I’ve got to admit, I got all caught up in the hype and build up for season 8 of Game of Thrones. Can you blame me though? Game of Thrones is a worldwide phenomenon that completely fascinated billions of people.
I jumped on the Game of Thrones bandwagon a little late, but even after binge-watching the last 7 seasons I still had to wait over a year for season 8. So, when the developers of Reigns announced they would be developing their Game of Thrones edition on mobile I was pretty excited. However, I decided not to buy it when it was released in October 2018 as I had only watched up to Season 3 of the series and did not want to spoil the show for myself.
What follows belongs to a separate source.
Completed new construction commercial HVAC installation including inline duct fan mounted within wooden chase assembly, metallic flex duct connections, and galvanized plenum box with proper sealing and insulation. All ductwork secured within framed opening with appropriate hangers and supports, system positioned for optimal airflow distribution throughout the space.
I finally got the opportunity to play Reigns: Game of Thrones with its release on the Nintendo Switch. Before I get into the game itself, let me give you a brief overview of what the Reigns Games are.
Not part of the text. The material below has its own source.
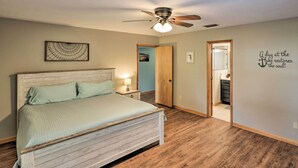 A bedroom with a wooden bed, a ceiling fan, a nightstand, and a wall with a motivational quote. - 20 Mi to UF Campus: Santa Fe Lake Escape w/ Dock! (Earleton)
Set in a medieval world, players got the opportunity to play the role of the monarch and rule the kingdom by accepting or rejecting suggestions from your advisers by swiping left or right. Each decision made has an impact on your ruling and will come with consequences. Reigns was first released on Android, iOS, Linux macOS and Microsoft Windows in August 2016. It’s sequel Reigns: Her Majesty was released in December 2017.
As I’m sure you can imagine, Reigns: Game of Thrones plays very similarly to its predecessors.
You start you game with Melisandre, gazing through the flames asking the Red God for visions of the future. You will then take control of the decisions of Daenerys Targaryen, who Melisandre first sees as ruler of the Realm. Through your actions, you’ll unlock new characters to play, with new interactions and scenarios. Each character will also encounter different challenges based on their story arc.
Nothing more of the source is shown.